- **AIM OF THE TASK**
Only the lines from the one containing "Women's Short Sleeve" to the end of the data should be copied, exactly and without pictures.

- **DATA SEGMENT**
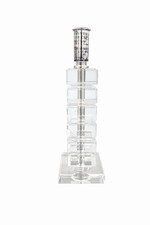 Crystal Table Lamp Base Modern Stacked Clear Lucite Style Chrome Top
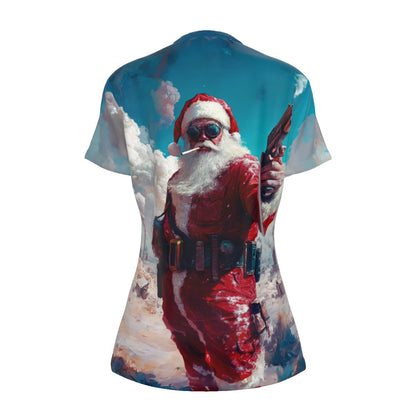 Women's Short Sleeve Christmas Tee - Steampunk Santa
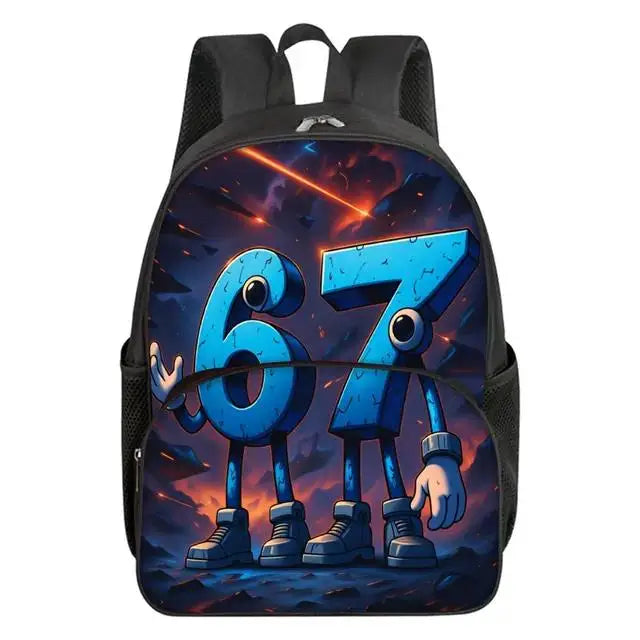 Colorful Number 67 Print Waterproof Polyester 3D Cartoon School Backpack with Front Pocket for Unisex Children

- **RESPONSE TO THE EXERCISE**
 Women's Short Sleeve Christmas Tee - Steampunk Santa
 Colorful Number 67 Print Waterproof Polyester 3D Cartoon School Backpack with Front Pocket for Unisex Children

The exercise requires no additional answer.